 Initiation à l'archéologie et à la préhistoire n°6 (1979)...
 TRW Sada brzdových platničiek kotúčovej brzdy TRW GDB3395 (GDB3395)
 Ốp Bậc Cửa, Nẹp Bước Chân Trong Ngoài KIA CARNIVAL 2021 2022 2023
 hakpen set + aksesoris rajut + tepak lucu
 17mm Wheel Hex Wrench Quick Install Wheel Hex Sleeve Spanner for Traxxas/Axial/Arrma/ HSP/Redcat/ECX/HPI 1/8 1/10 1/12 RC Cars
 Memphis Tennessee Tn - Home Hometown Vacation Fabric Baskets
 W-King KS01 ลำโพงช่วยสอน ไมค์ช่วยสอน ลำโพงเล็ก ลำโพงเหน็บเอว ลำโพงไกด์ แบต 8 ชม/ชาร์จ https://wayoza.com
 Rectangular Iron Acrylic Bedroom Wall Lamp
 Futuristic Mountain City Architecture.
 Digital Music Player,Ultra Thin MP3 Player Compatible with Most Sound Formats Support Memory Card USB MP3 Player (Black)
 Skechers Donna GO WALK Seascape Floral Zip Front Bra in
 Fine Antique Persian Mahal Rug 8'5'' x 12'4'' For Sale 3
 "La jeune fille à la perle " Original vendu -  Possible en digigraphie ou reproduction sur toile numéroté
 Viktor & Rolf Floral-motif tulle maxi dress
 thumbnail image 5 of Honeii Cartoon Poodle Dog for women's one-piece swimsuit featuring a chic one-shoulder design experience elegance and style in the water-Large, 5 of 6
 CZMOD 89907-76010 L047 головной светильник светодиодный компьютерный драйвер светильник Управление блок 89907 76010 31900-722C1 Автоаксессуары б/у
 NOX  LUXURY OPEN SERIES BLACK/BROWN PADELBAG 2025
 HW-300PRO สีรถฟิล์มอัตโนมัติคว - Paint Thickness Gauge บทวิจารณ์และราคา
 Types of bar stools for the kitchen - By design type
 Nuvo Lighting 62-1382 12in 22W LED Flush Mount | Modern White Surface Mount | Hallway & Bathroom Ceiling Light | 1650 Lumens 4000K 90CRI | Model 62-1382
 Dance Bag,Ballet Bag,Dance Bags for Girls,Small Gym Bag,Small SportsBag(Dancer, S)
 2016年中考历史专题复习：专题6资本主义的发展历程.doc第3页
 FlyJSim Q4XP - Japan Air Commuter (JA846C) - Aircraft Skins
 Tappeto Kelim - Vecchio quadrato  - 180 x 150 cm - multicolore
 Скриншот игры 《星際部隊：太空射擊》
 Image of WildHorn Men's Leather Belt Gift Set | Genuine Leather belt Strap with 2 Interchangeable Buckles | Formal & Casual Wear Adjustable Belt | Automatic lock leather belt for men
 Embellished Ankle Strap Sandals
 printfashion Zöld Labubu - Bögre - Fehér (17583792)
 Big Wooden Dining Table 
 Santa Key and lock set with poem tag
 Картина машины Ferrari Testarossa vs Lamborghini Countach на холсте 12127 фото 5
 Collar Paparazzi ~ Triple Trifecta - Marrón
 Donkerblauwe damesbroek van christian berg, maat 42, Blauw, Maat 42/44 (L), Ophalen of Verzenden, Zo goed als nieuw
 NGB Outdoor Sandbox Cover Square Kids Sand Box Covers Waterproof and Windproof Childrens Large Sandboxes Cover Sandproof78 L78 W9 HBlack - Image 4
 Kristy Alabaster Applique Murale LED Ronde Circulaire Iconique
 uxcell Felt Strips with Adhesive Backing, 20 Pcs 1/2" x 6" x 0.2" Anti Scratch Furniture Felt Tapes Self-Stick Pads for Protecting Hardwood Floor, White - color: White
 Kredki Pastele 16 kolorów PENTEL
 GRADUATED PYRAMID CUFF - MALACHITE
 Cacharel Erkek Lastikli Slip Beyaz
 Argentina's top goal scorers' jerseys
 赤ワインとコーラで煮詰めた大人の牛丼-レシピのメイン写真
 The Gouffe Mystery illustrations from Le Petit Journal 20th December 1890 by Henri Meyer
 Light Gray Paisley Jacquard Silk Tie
-*-*-
With nothing left out, output the whole listing exactly.

 Initiation à l'archéologie et à la préhistoire n°6 (1979)...
 TRW Sada brzdových platničiek kotúčovej brzdy TRW GDB3395 (GDB3395)
 Ốp Bậc Cửa, Nẹp Bước Chân Trong Ngoài KIA CARNIVAL 2021 2022 2023
 hakpen set + aksesoris rajut + tepak lucu
 17mm Wheel Hex Wrench Quick Install Wheel Hex Sleeve Spanner for Traxxas/Axial/Arrma/ HSP/Redcat/ECX/HPI 1/8 1/10 1/12 RC Cars
 Memphis Tennessee Tn - Home Hometown Vacation Fabric Baskets
 W-King KS01 ลำโพงช่วยสอน ไมค์ช่วยสอน ลำโพงเล็ก ลำโพงเหน็บเอว ลำโพงไกด์ แบต 8 ชม/ชาร์จ https://wayoza.com
 Rectangular Iron Acrylic Bedroom Wall Lamp
 Futuristic Mountain City Architecture.
 Digital Music Player,Ultra Thin MP3 Player Compatible with Most Sound Formats Support Memory Card USB MP3 Player (Black)
 Skechers Donna GO WALK Seascape Floral Zip Front Bra in
 Fine Antique Persian Mahal Rug 8'5'' x 12'4'' For Sale 3
 "La jeune fille à la perle " Original vendu -  Possible en digigraphie ou reproduction sur toile numéroté
 Viktor & Rolf Floral-motif tulle maxi dress
 thumbnail image 5 of Honeii Cartoon Poodle Dog for women's one-piece swimsuit featuring a chic one-shoulder design experience elegance and style in the water-Large, 5 of 6
 CZMOD 89907-76010 L047 головной светильник светодиодный компьютерный драйвер светильник Управление блок 89907 76010 31900-722C1 Автоаксессуары б/у
 NOX  LUXURY OPEN SERIES BLACK/BROWN PADELBAG 2025
 HW-300PRO สีรถฟิล์มอัตโนมัติคว - Paint Thickness Gauge บทวิจารณ์และราคา
 Types of bar stools for the kitchen - By design type
 Nuvo Lighting 62-1382 12in 22W LED Flush Mount | Modern White Surface Mount | Hallway & Bathroom Ceiling Light | 1650 Lumens 4000K 90CRI | Model 62-1382
 Dance Bag,Ballet Bag,Dance Bags for Girls,Small Gym Bag,Small SportsBag(Dancer, S)
 2016年中考历史专题复习：专题6资本主义的发展历程.doc第3页
 FlyJSim Q4XP - Japan Air Commuter (JA846C) - Aircraft Skins
 Tappeto Kelim - Vecchio quadrato  - 180 x 150 cm - multicolore
 Скриншот игры 《星際部隊：太空射擊》
 Image of WildHorn Men's Leather Belt Gift Set | Genuine Leather belt Strap with 2 Interchangeable Buckles | Formal & Casual Wear Adjustable Belt | Automatic lock leather belt for men
 Embellished Ankle Strap Sandals
 printfashion Zöld Labubu - Bögre - Fehér (17583792)
 Big Wooden Dining Table 
 Santa Key and lock set with poem tag
 Картина машины Ferrari Testarossa vs Lamborghini Countach на холсте 12127 фото 5
 Collar Paparazzi ~ Triple Trifecta - Marrón
 Donkerblauwe damesbroek van christian berg, maat 42, Blauw, Maat 42/44 (L), Ophalen of Verzenden, Zo goed als nieuw
 NGB Outdoor Sandbox Cover Square Kids Sand Box Covers Waterproof and Windproof Childrens Large Sandboxes Cover Sandproof78 L78 W9 HBlack - Image 4
 Kristy Alabaster Applique Murale LED Ronde Circulaire Iconique
 uxcell Felt Strips with Adhesive Backing, 20 Pcs 1/2" x 6" x 0.2" Anti Scratch Furniture Felt Tapes Self-Stick Pads for Protecting Hardwood Floor, White - color: White
 Kredki Pastele 16 kolorów PENTEL
 GRADUATED PYRAMID CUFF - MALACHITE
 Cacharel Erkek Lastikli Slip Beyaz
 Argentina's top goal scorers' jerseys
 赤ワインとコーラで煮詰めた大人の牛丼-レシピのメイン写真
 The Gouffe Mystery illustrations from Le Petit Journal 20th December 1890 by Henri Meyer
 Light Gray Paisley Jacquard Silk Tie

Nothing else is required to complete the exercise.